Showing posts with label Homeless. Show all posts
Showing posts with label Homeless. Show all posts

Tuesday, February 03, 2009

I haven't eaten in three days.

A month or so back, as I was going into Borders one Monday evening, a woman approached me with: “Sir. I wonder if you could help me? I haven’t eaten in three days.” I gave her a few bucks and she thanked me and said: “I’m going right over to get something to eat.”

Last night as I was going into Borders, the same woman approached with the exact same spiel. I remember clearly the “I haven’t eaten in three days” and the “going right over to get something.” I gave her a few bucks, even though I realized I had been played a bit. I suppose “haven’t eaten in three days” can be effective, and I felt bad for the fact that she had to stoop to such in the search for money. She was certainly no spring chicken. She looked around 60, but I suspect she is younger. Her clothes were not remarkably bad, and though she was thin she didn’t look to be in bad health. She was certainly not attractive, though.

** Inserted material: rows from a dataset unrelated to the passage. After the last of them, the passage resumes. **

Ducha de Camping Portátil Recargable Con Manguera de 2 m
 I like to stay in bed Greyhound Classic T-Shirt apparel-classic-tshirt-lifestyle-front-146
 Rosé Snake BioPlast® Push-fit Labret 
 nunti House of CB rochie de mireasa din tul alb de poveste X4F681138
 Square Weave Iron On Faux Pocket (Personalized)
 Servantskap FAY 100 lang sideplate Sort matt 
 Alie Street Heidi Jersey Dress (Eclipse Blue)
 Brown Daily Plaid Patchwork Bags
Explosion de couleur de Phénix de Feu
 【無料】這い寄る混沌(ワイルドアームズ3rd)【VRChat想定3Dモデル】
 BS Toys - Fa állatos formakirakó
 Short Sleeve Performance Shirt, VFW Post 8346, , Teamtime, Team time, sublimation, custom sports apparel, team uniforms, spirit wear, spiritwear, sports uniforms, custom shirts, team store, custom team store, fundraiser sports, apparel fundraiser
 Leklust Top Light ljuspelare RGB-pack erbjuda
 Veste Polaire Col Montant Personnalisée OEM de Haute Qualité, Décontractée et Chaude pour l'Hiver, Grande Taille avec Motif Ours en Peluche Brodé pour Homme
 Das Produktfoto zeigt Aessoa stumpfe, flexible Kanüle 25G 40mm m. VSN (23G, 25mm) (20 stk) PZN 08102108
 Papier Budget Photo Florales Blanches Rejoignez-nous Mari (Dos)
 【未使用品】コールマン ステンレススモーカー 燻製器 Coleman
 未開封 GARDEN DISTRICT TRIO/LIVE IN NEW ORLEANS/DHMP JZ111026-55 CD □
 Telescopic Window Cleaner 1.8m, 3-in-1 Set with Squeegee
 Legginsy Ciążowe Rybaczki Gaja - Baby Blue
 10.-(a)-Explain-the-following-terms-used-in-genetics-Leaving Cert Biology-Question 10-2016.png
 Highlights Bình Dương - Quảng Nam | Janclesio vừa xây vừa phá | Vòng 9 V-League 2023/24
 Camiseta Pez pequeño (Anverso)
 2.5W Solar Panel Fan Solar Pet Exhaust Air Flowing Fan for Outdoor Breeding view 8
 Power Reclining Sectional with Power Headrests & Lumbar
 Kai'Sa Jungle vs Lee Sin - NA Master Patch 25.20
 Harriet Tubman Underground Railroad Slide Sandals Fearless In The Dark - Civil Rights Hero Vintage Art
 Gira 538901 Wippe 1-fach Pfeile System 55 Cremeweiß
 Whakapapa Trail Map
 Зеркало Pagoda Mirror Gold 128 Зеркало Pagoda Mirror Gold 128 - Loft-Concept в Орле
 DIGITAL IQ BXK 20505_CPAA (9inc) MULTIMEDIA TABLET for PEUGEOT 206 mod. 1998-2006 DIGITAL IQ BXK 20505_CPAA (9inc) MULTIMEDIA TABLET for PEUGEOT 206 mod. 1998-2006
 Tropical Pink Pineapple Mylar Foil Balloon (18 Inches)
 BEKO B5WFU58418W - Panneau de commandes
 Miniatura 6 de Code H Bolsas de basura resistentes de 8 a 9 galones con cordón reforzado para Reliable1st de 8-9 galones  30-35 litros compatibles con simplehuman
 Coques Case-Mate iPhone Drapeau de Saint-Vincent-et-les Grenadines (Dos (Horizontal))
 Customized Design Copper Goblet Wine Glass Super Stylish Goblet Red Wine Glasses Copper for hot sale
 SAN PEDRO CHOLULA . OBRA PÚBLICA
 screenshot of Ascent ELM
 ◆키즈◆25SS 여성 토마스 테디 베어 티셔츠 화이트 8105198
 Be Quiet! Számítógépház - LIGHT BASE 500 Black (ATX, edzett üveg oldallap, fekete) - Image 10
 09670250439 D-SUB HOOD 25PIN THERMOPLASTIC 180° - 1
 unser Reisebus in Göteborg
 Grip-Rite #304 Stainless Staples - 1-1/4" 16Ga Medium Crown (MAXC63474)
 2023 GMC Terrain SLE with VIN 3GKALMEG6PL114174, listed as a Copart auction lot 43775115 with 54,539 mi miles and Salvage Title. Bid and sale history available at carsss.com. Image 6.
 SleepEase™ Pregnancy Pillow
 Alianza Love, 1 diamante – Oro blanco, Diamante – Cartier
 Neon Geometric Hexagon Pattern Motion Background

In the past, I have taken people into food places when they’ve asked for money, but the closest place to Borders is the Mall across the street, and I also had a meeting of my Borders writing group in a few minutes. So, I gave her a few bucks and let her go her way. I wonder if she really bought food, or if I actually supported her drug habit. I hope the former.

Such encounters leave me sad. What circumstances led that woman to me twice? I believe some homeless individuals are on the street because they’re lazy or they have drug habits that they’ve allowed to get out of hand. I believe those folks are in the minority, though. Maybe some homeless people made bad choices somewhere along the way. But who hasn't? It's a shame that so many can end up lost in what is still an affluent society.

And as for getting help, research on altruistic behavior does not endear my fellow humans to me. Many, many people do help, of course. But most of that is in a form that doesn't much inconvenience us. And it bothers me to know that people are less likely to help another person if:

1. The person needing help is physically unattractive

2. The person has any unpleasant physical characteristics, even including an ugly birthmark.

3. The person appears to be intoxicated with any substance.

4. the surroundings in which the person asks for help are unpleasant. (Very noisy, for example.)


5. The person in the position to offer help is under any time pressure.

6. The person in the position to help is in a bad mood.

Years ago, I was in Boston with a colleague of mine for a neuroscience conference. We were riding the city busses one night when a woman got on mumbling incoherently to herself. She had also clearly wet herself all down the front of her jeans.

After a couple of stops, the woman got up to leave and fell down the steps, ending up half in and half out of the bus. Besides the bus driver, there were about 15 people on the bus. No one moved. After a moment, my colleague and I both got up to help her. We got her to a bench at the bus stop and made sure she was sitting OK, and gave her back her large shopping bag full of what appeared to be trash. Then we returned to our bus and resumed our lives. I’ve wondered many times over the years what happened to her. I can’t imagine she’s still alive.

I wonder, too, how long the woman who hadn’t “eaten in three days” will last? Will I see her again in a month? Or sooner? If I don’t see her, will it mean she’s doing better? Or that’s she’s dead?

Twice now, we’ve met. She’s become one of my memories. Like it or not, she’s a part of me now. It’s harder to be blind when you can put a face on suffering.